Without this, the model may output reasoning traces in Chinese on the first turn.


Task Design

Rule 4: Leverage role-play

GLM 4.7 excels at maintaining roles and personas. Its internal thinking blocks mirror role prompts closely.

Example:

You are acting as a senior security engineer conducting a code review. You MUST identify all potential vulnerabilities, focusing on injection attacks, authentication bypasses, and data exposure risks.
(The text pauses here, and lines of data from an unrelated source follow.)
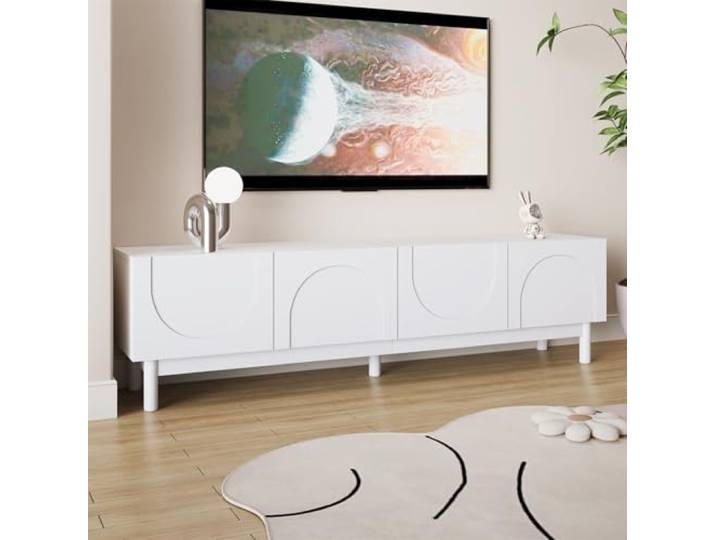 OLIVIBED Moderner TV-Schrank mit Wllenförmigen Türen, TV-Möbel mit Beine und Stauraum, Lowboard für Fernseher bis zu 70 Zoll, Fernsehertisch für Wohnzimmer, Griffloses Design, Weiß, 169x34x45.5cm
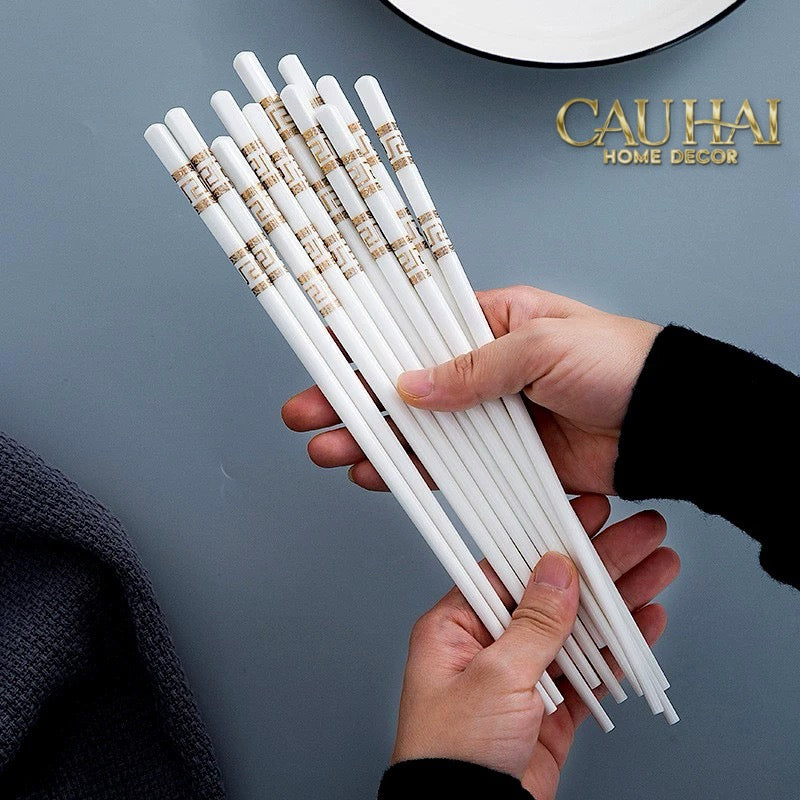 Set 10 Đôi Đũa Sứ V Class White Gold Greek Key Atélier Porcelain Chopsticks-Dinner Cutlery Set Dao Muỗng Nĩa-Đối tác tại Trung Quốc theo từng đơn đặt hàng-CẬU HAI HOME DECOR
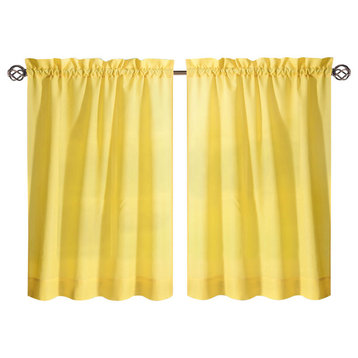 Ellis Curtain Stacey Tailored Tier Pair Curtains, Yellow, 56"x24"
Use explicit personas or create multi-agent systems with distinct roles.

Rule 5: Break up the task

GLM 4.7 does NOT support interleaved thinking (unlike Claude/GPT). It performs a single reasoning pass per prompt before acting.
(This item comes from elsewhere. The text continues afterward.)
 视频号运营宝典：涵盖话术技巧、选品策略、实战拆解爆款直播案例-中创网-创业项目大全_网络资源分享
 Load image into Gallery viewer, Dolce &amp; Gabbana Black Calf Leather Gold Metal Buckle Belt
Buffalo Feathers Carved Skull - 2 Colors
Instead of: "Refactor this codebase"

Do:

  1. List all dependencies and their versions
  2. Propose the new directory structure
  3. Generate migration scripts for each module
  4. Verify each migration compiles

This incremental approach matches GLM's execution-first tendencies.


Reasoning Control

Rule 6: Disable reasoning for simple tasks

GLM 4.7 often includes verbose internal thought blocks. For straightforward tasks, this slows down responses.

Methods to minimize:

  • API: Set disable_reasoning: true
  • Prompt: "Skip reasoning for straightforward tasks"
  • Use structured outputs (JSON, lists) that discourage verbose reasoning
  • Set clear_thinking: true to remove internal state between turns
  • Set appropriate max_completion_tokens limits

Rule 7: Enable reasoning for complex tasks

For complex problem-solving, reasoning becomes valuable.

Methods to enhance:

  • API: Ensure disable_reasoning: false (or omit)
  • Prompt: "Think step by step before answering"
  • Use chain-of-thought examples showing the reasoning process

Rule 8: Use clear_thinking to control memory

Controls internal thinking state across calls:

| Setting | Use Case | |---------|----------| | clear_thinking: false | Agent loops, multi-step plans, coding sessions | | clear_thinking: true | One-off calls, batch jobs, when seeing drift |


Multi-Agent Patterns

Rule 9: Use critic agents

Employ specialized sub-agents to review outputs before advancing. Decouple generation from validation.

Critic types:

| Agent | Focus | |-------|-------| | Code Review | SOLID/DRY/YAGNI principles, maintainability | | QA Expert | User flows, edge cases, integration points | | Security Review | Vulnerabilities, unsafe patterns, compliance | | Performance Audit | Bottlenecks, inefficient algorithms, resource leaks |

Each critic gets a focused persona (leverages Rule 4).

Rule 10: Pair with frontier models

GLM 4.7 may fall short on the toughest 10% of use cases. Three patterns:

  1. Router: Route simple tasks to GLM 4.7, fall back to slower models for complex queries
  2. Backbone: Use GLM 4.7 as fast backbone, loop in frontier models only when needed
  3. Plan-execute: Use Claude/GPT to create plan, execute rapidly with GLM 4.7

Leverage GLM's 17x speed advantage for the majority of tasks.